### GIVEN RECORDS
== Segment start ==
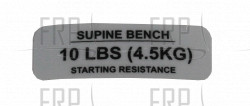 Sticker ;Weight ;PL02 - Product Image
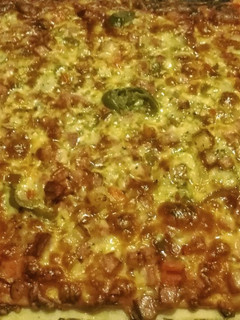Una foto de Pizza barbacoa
== Segment end ==
== Segment start ==
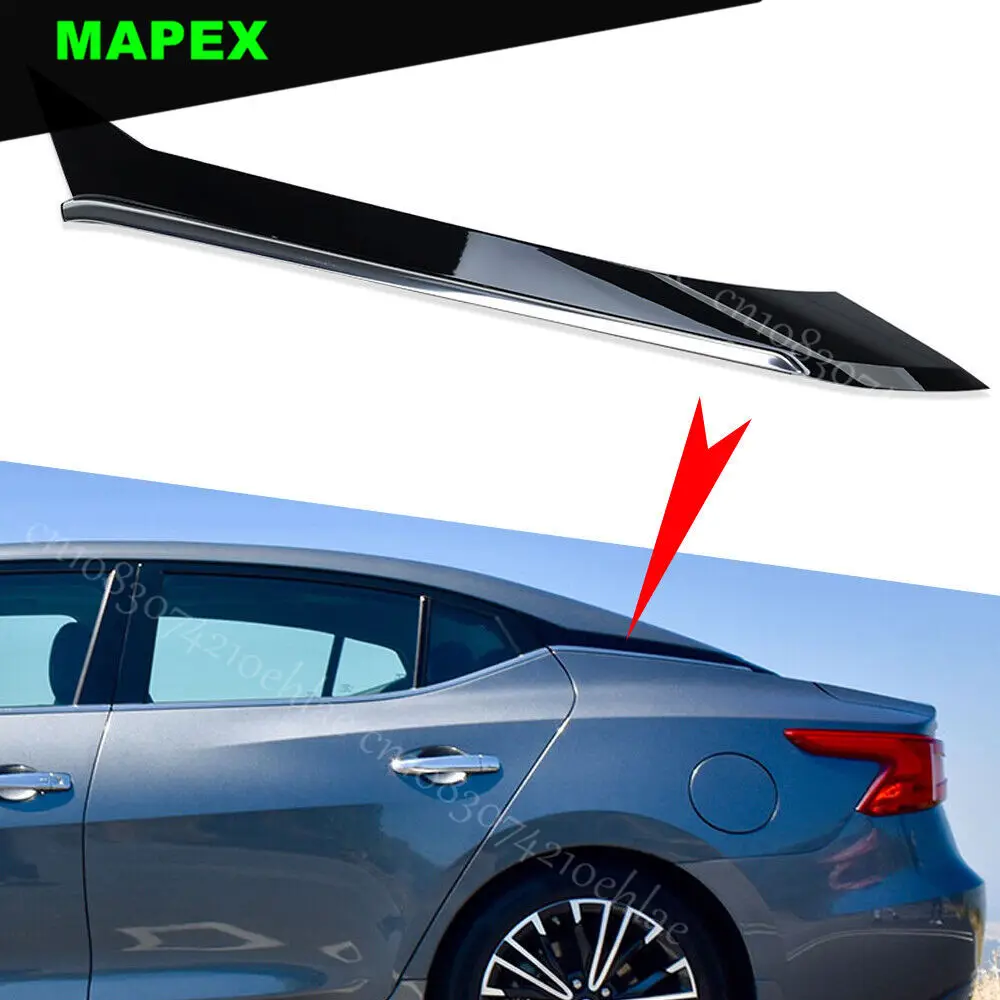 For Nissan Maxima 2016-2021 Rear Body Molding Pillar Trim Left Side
== Segment end ==
== Segment start ==
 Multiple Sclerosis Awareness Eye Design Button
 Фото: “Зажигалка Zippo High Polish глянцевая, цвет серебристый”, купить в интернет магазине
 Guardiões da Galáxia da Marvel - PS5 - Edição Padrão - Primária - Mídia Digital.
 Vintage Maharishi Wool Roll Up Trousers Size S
== Segment end ==
### WHAT YOU SHOULD DO
In the material above, find the line containing "Guardiões da Galáxia" and the line containing "Vintage Maharishi Wool", then write out exactly those two lines and every line between them, and nothing more.

### RESPONSE TO THIS EXERCISE
 Guardiões da Galáxia da Marvel - PS5 - Edição Padrão - Primária - Mídia Digital.
 Vintage Maharishi Wool Roll Up Trousers Size S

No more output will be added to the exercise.